A high-level python package integrating expert knowledge and artificial intelligence to boost (sub) seasonal forecasting
https://ai4s2s.readthedocs.io/
Apache License 2.0
20 stars 7 forks source link

Adding a `n` kwarg to `Calendar.add_interval` #147

Closed BSchilperoort closed 1 year ago

BSchilperoort commented 1 year ago

While writing the demo notebook, and when trying the new calendar, I often found myself writing a for loop to add multiple intervals.

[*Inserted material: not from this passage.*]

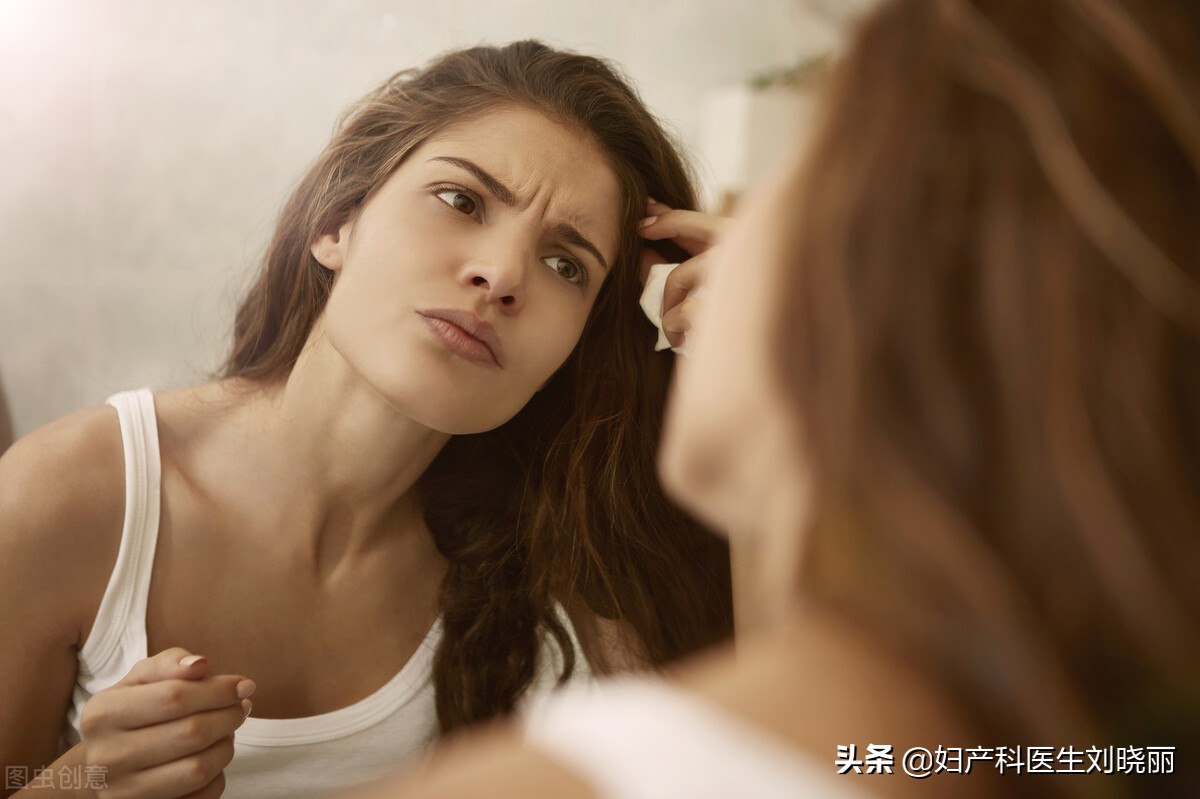 大姨妈不来，除了怀孕，还可能是这些病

As writing for loops for this seems a bit silly, we could just wrap the looping into a method. E.g.:

cal = Calendar(anchor="Jan")
cal.add_intervals("precursor", "1W", n=10)  # Add 10 of these intervals

I see two options:

  1. A new method add_intervals, which internally will just run a for _ in range(n): loop and call add_interval.
  2. Modifying add_interval to accept n as a kwarg, with the default value of 1

I am leaning towards option 2 myself.

Peter9192 commented 1 year ago

I think I prefer option 1. An additional option could then be to fill one full year by default unless n is given.

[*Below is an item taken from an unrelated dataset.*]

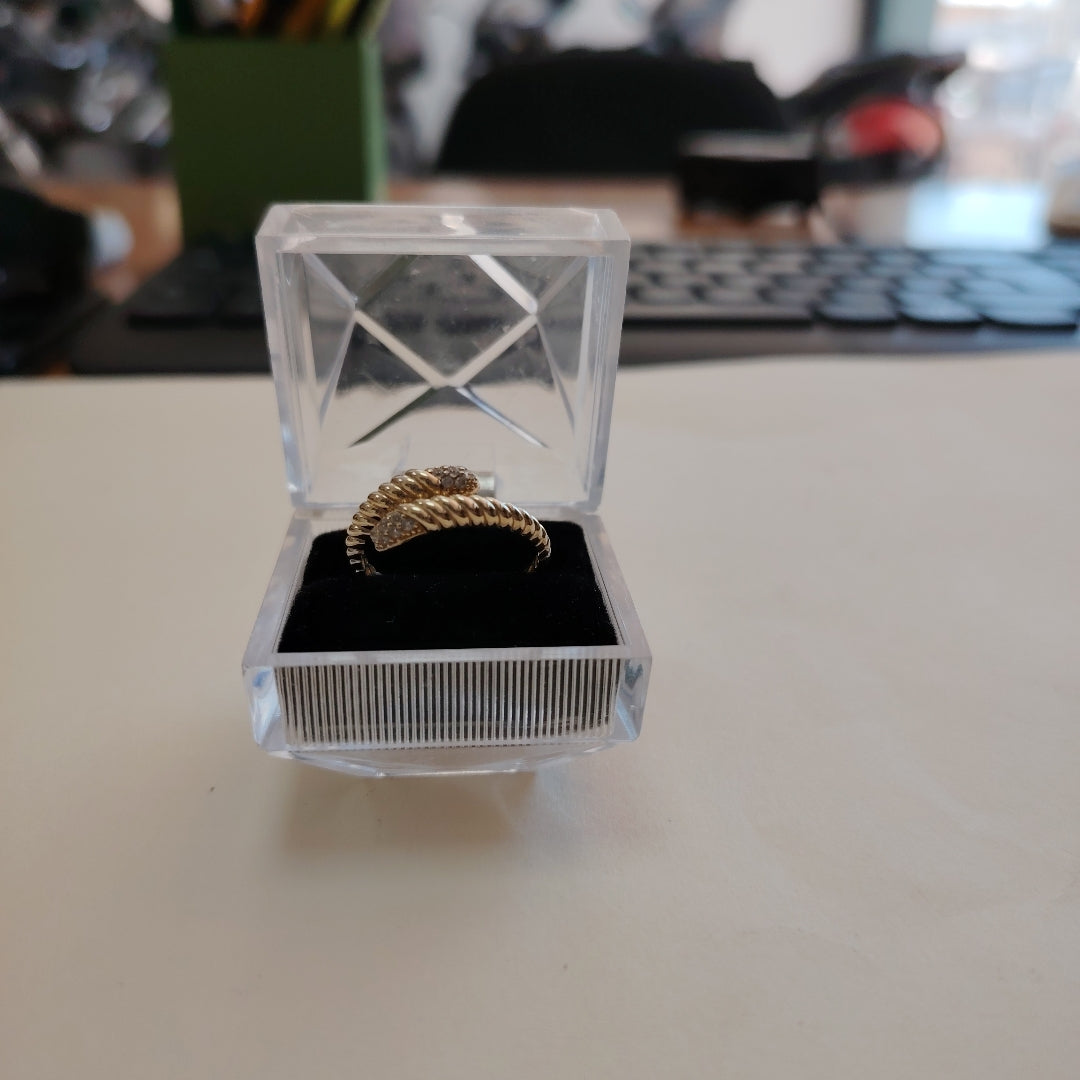 ANILLOS DAMA ORO 10K 1.7 (NUEVO)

jannesvaningen commented 1 year ago

I prefer option 2. It feels intuitive for me to have a function add_intervals which by default adds only one interval but adds more if you want to. If we add it the way Bart suggested, the calendar shifter (see my issue mention) doesn't need a function with lots of arguments to create calendars with 8 precursor periods for example. I think setting the default to a full year is not very common in s2s forecasting and you would also need to distinguish between precursor periods and target periods.

BSchilperoort commented 1 year ago

I do feel like it would be better to not fill in an entire year by default. This will force the user to think more about which periods are interesting, and how many would be needed. Needlessly adding many intervals could lead to behavior such as:

cal = Calendar(anchor="12-31")
cal.add_intervals("precursor", "5d")  # Defaults to filling entire year. I.e. 60 intervals
data_resampled = resample(cal, data)
...
data_resampled.sel(i_interval=slice(0,10))
semvijverberg commented 1 year ago

I'm also in favor of options 2, feel more intuitive and is computationally more efficient.

Peter9192 commented 1 year ago

Would it make sense to go with option 2 but renaming it to "add_intervals" then (with the s at the end, defaulting to n=1)?